Friday, November 4, 2016

Conscientious Connections

I remember when I first met Dan, I was in the process of a huge mental transition when it came to seeking out connections, which also became the foundation of my now profession, Date Coaching.

It happened when Reggie moved out and I was frustrated with dating. It always felt like when I went out on dates there was this expectation that the other person had of me, and terrified of disappointing anyone, I sought to meet it or exceed it. Totally inauthentic, and also a sad and empty experience for me.

After he left, I decided to spend a few months alone to contemplate who I was and what I wanted, and who I wanted to be with. I didn't want to spend another moment being someone's fantasy or a representation of their desires. I'm good at reading people, so it's an easy thing for me to do, reading someone, figuring out what they want, and then becoming that. I don't have to tell you it always ended up with my own unhappiness.

Instead, I spent a few months doing individual counseling, parsing my thoughts, recovering from the break up, writing, seeing a hypnotherapist (who ended up being an amazing counselor instead of what I hired her for), and also figuring out who would be the right partner for me.  This, in stark contrast to "how can I be the best partner for this person" mindset.

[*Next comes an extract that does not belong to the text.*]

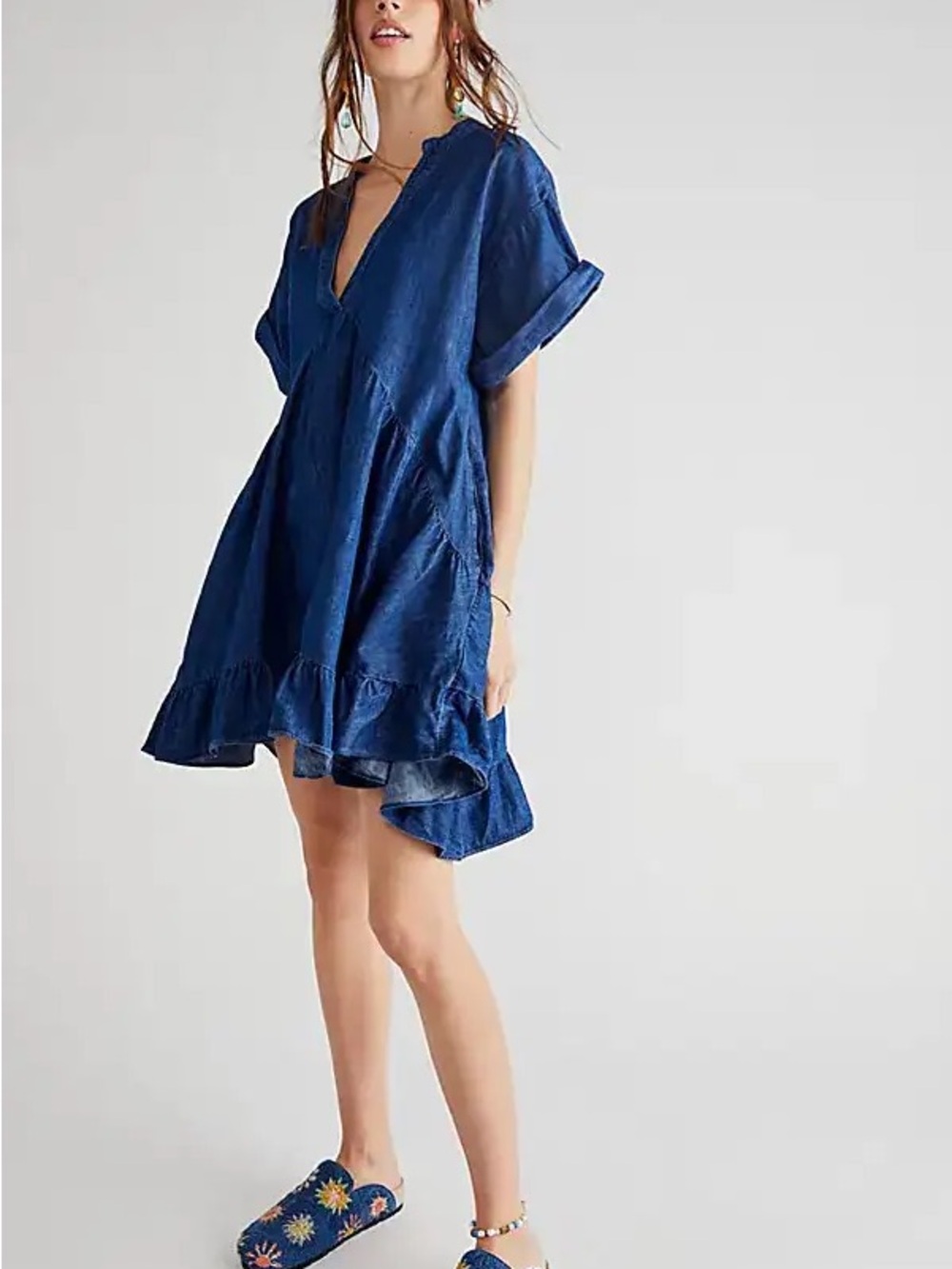Free People Denim Mini Dress Shady Sea Blue Babydoll Boho Ruffle Hem Size M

I was also interested in people's stories and learning more about life, other than what my little bubble had provided in terms of experience. I wanted to expand, and grow and take in the wisdom of others. In that vein I decided to take a different approach to dating. Instead of showing up as a mirror, or an avatar of desire, I showed up as a witness. I tapped in to my curiosity. I removed myself almost completely from the picture, in order to really be present and hear the other person. This felt less threatening and intimidating than an actual date, where I was used to being "on" and "perfect". I wanted to observe, to hear, to learn. I wanted stories and to break out of my sheltered shell.

This approach served as an amazing tool of connection. When you show up authentically to meet someone where they are, and can hold an empathetic space for another human being to share their story with you, it is profound. They are open, they are vulnerable. That allows you to do the same and be authentic in your own experience.

So I show up to this date with Dan, having been a few weeks into this new approach: just being curious with no expectations.

I thought his initial message was flirty and cute, but what I was really fascinated with was his passion that came across so strongly in his profile. I wanted to observe it in real time.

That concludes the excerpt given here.